No doubt, Roger Ebert is spending the day writing about the late Studs Terkel, who will be missed. Studs changed writing. He changed our vision of America. Next Tuesday will owe much to him.

But today, we can enjoy Ebert’s brilliant, hilarious lesson in cooking and criticism: the pot and how to use it. Ebert doesn’t merely discuss the Zojirushi rice cooker ("the pot"). He doesn't simply give recipes. He doesn’t tell you how wonderful the food tastes, because he’s left all that behind now: “I am not a French gourmet. I am a practical cook. An American, Urbana born, and go at things as I have taught myself, free-style, and will make a cookbook in my own way....To be sure, health problems now prevent me from eating. That has not discouraged my cooking. Now cooking is an exercise more pure, freed of biological compulsion.”

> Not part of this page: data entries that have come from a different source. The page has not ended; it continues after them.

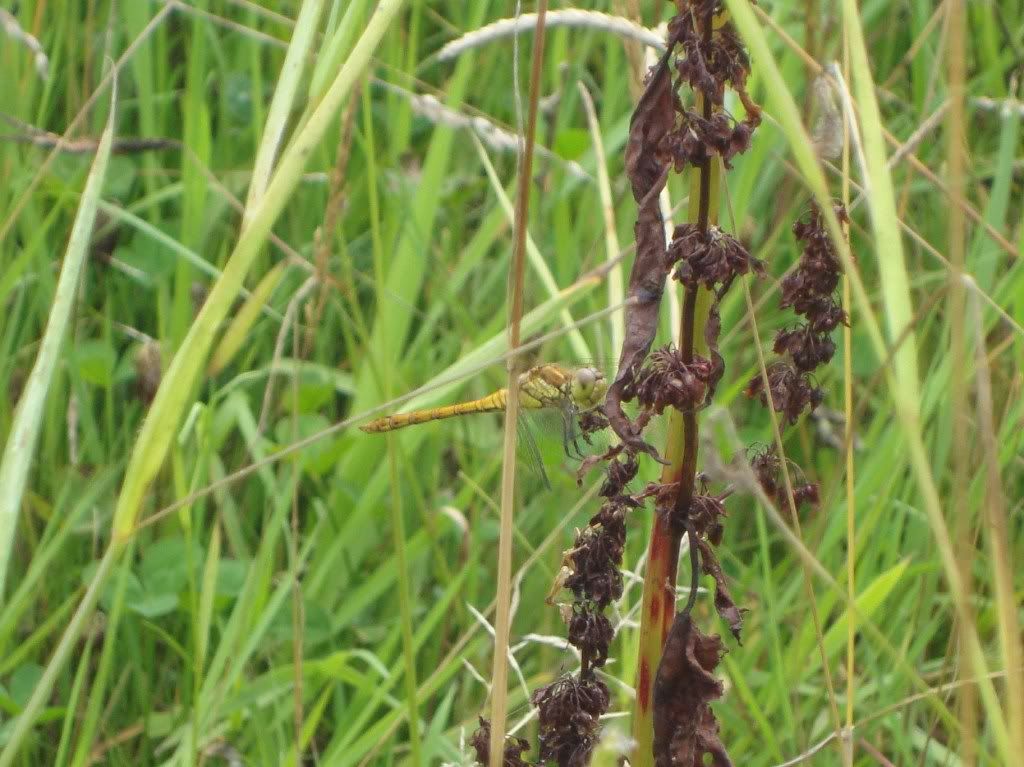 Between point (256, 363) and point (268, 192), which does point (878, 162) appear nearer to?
point (268, 192)

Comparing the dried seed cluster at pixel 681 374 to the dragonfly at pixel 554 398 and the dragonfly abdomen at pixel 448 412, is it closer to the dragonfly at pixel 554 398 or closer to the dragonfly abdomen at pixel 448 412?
the dragonfly at pixel 554 398

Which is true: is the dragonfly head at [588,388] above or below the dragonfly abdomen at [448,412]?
above

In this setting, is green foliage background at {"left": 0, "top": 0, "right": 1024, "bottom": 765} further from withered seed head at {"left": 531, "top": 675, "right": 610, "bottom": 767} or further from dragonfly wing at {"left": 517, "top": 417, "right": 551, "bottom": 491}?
withered seed head at {"left": 531, "top": 675, "right": 610, "bottom": 767}

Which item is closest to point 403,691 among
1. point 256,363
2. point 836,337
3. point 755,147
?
point 256,363

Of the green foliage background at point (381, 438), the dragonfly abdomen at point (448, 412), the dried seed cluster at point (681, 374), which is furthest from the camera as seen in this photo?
the green foliage background at point (381, 438)

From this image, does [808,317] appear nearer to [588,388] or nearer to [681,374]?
[681,374]

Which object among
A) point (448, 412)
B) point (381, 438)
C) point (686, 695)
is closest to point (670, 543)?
point (686, 695)

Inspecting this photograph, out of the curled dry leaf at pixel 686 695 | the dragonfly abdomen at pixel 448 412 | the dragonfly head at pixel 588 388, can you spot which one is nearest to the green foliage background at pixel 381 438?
the dragonfly abdomen at pixel 448 412

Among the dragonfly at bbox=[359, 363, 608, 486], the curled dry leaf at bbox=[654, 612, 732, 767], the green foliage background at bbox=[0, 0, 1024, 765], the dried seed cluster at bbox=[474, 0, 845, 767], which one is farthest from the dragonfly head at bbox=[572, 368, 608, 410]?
the curled dry leaf at bbox=[654, 612, 732, 767] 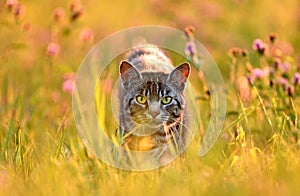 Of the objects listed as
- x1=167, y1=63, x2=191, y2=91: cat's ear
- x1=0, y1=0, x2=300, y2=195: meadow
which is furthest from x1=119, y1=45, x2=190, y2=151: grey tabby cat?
x1=0, y1=0, x2=300, y2=195: meadow

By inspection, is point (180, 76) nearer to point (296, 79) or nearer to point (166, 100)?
point (166, 100)

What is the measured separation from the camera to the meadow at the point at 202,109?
4230 millimetres

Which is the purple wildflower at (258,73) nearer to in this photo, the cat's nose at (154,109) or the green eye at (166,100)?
the green eye at (166,100)

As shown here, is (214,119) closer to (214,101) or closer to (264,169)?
(214,101)

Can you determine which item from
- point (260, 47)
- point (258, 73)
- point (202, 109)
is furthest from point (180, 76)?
point (202, 109)

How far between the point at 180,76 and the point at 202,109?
1118 mm

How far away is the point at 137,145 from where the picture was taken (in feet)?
16.8

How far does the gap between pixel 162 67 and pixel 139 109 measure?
908mm

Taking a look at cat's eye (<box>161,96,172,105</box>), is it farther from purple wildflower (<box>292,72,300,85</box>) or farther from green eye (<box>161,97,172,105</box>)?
purple wildflower (<box>292,72,300,85</box>)

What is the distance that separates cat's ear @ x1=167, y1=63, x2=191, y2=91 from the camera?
5312mm

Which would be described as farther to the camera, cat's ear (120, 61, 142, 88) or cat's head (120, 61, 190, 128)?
cat's ear (120, 61, 142, 88)

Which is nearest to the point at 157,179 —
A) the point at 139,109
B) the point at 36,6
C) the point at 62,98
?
the point at 139,109

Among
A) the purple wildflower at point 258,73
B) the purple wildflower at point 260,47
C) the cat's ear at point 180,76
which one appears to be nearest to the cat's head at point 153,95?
the cat's ear at point 180,76

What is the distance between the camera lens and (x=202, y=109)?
642 cm
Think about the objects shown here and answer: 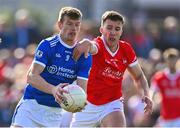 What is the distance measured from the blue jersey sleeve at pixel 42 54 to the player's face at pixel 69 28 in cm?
29

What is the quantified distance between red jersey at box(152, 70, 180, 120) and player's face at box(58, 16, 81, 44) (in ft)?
19.8

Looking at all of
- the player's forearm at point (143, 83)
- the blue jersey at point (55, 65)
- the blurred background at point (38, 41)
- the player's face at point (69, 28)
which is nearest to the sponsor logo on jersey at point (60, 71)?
the blue jersey at point (55, 65)

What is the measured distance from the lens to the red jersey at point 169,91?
61.1 ft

In the course of the essay, Ebert builds some wonderful characters, especially aunt Mary.

When she was in the kitchen, she was on automatic. She had two speeds: Cook, and Serve. She did not know how to measure salt. "Just throw in about enough, honey," she told me. I believe I have mentioned before her poetic wisdom about how to estimate the number of potatoes sufficient for a meal.

One potato

For every member of the family.

One potato for the pot.

And one last tater, honey,

For fear of company.

There’s a wonderfully gruff voice that runs through this. It’s not just Ebert, who is always cheerful and optimistic. It’s more Studs, or Sidney Harris, or perhaps Damon Runyon.

Add the ingredients in a mixture in the reverse order of how long you think they'll take to cook. For example, dried beans first. Even let them sit in water and Warm for awhile. If you're in a hurry, throw them in and boil them. The hell with them.